Sunday, December 27, 2009
As far as I am concerned the best part about Christmas is Christ. I love the feeling I get while listening to the songs that talk about Him. I also love the feelin after doin service or just plain givin. I have long since not worried about whether or not others were givin something to me to make my decision about givin them somethin. After our branch activity of caroling at a retirement home, a few of my friends and I went and moved a couple of couches for a guy. Gettin them in the one basement didn't work so we revamped our plans and took the couch and recliner from upstairs down. I felt pretty good after that. I have a tendency to like to be the one behind the scenes that could care less about recognition, I do it for the feelin I get and rarely do I not help when asked. But back to beginnins of this blog bein about Christ, He lived his life in service of all mankind which is why celebratin His birth is so special. He came to this earth for each and everyone of us, He lived and died so we could return to be with Him and Heavenly Father someday. Serving others around this time and all the times throughout the year will bring us closer to Him. My wish is that we all had a Merry Christmas and will remember Christ in all we do.
Sunday, December 13, 2009
So last year I decided to invest in a helmet for snowboarding and yesterday I was really glad I did. I rolled over a couple times while snowboarding and am sure those would of hurt my head a whole lot worse without it. In fast and testimony meeting today Keith was talking about the things he loved to do and one of which is snowboarding. Which has me thinkin bout how I feel about it, I love it so much that I wish I could do it all year round. That is a big part of the reason I got on Kelly Canyon's ski patrol cause then I can do something I love and be doin service at the same time. If any of you have been payin attention to my status's on facebook I talk about snow alot that is because I love it. I also realized the other things in my life that I really love, My Family, The Gospel, The Temple, Country Dancing, Service. My life revolves around the things I love, I put the Gospel first, then my family, and whatever else needs to get done. A lot of times I put myself so far off the list that it seems like I don't have anytime for me, but that's just it as far as I am concerned I am happiest when I am helping those around me out. So in turn by puttin others first I still get my needs met. I will go and do whatever it is that God asks me to do.

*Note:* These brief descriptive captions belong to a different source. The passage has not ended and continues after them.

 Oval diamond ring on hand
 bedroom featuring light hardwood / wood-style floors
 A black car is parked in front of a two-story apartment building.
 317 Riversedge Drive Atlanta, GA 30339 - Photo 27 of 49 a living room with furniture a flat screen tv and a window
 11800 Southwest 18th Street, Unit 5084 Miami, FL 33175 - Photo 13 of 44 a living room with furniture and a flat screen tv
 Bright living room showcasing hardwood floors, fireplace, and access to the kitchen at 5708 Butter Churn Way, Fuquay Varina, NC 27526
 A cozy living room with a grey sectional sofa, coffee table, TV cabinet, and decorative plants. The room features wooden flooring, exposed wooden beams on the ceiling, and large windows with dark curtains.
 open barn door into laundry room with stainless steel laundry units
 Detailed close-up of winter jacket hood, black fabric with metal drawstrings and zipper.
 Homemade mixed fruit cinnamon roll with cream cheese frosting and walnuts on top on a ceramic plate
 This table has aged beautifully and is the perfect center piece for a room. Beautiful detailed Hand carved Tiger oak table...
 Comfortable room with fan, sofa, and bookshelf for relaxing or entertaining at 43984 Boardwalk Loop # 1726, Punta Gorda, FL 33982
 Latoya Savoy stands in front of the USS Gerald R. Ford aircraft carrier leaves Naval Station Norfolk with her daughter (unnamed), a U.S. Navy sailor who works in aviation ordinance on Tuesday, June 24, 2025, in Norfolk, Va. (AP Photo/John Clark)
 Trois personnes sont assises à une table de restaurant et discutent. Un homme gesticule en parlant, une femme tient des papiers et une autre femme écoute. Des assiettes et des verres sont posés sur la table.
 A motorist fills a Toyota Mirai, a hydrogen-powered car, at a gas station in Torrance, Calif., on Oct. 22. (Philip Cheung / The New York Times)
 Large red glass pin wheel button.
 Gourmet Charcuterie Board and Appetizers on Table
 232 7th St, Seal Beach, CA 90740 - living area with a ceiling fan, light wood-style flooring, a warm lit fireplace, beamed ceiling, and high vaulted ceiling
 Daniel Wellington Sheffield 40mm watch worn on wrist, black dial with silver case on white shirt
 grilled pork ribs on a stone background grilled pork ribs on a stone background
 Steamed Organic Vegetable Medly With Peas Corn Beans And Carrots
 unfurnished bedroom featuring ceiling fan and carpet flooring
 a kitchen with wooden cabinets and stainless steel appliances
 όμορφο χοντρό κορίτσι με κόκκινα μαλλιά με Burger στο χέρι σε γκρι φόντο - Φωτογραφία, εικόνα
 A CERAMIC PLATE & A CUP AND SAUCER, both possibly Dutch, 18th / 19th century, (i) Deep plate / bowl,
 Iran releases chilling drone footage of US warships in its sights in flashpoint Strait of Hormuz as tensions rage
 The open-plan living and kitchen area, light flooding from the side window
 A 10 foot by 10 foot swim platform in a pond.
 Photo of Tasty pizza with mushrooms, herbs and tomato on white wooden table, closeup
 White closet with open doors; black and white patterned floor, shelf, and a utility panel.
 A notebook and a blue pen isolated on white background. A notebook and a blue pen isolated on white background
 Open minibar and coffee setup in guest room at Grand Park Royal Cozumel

There ya go another blip into the random thoughts of my head
Sunday, May 24, 2009
This month I have pretty much been traveling all over the place. The first part of the month I was in Anchorage Alaska for my big brothers wedding. That trip was interesting, I ended up playin DD (Designated Driver) for my brother's bachelor party, watchin a bunch of half typsy guys play frisbee golf was pretty funny. That was a long day, I was up for about 27 hours straight. The sucky part about that trip was it was too late to go snowboardin and to early to fish and almost any tourist activities. But I did get to go through the Anchorage Temple while I was there, that was really cool, I love those places. Then the last two weeks I have been on the road for work training the new guy. We have covered somewhere in the neighborhood of 4000 miles. The plus to it is I was able to stop by the Stetson Hat outlet in St Joseph and get a new cowboy hat for quite a bit less than I could anywhere else, half price. Last weekend I got to go to Nauvoo and go through the Nauvoo temple while there, another awesome experience. I have seen some pretty country and covered lots of ground. I always love the chance to go to temples that I haven't been too yet. But alas I am ready to be home, I have only been home for two days so far in the month of May. I will be glad to be home for a while.
Monday, April 13, 2009
Given that it was Easter Sunday and that I started rereading the book Believing Christ, I have been pondering the Atonement alot lately. I believe full heartedly that it is not enough to just believe in Christ, we must believe Christ. I believe in Christ with all my heart but I also believe that He atoned for our sins. I believe that the only way for us to reach perfection is to believe Christ when He tells us that He atoned for our sins and that through Him we can become perfect and live with our Heavenly Father and Christ again someday. I know that He died for me and each and everyone of us I know that I am a sinner, we all are. I know that it is not where we've been but it is where we are going that matters, we all make mistakes, some more than others and different than others. I know that if we just come to Him, He can make us perfect He died and suffered for all of our sins, we just have to believe Him. Try our best, and when we fall He will make up the difference. I do know that my life would suck if it weren't for Him. This life is a test and I will do my best to look at it like an optomist, cause it is too short not too. I know that through Christ I can return to live with Him and Heavenly Father. I highly recomend the book Believing Christ it helped me to better understand the Atonement and to realize that it is there for all of us. God loved us all so much that He sent His only Begotten Son to be our Savior and that Christ suffered for us. I probably repeated myself a bunch up here, but I do feel it is very important for each and everyone of us to believe Christ not just believe in Him.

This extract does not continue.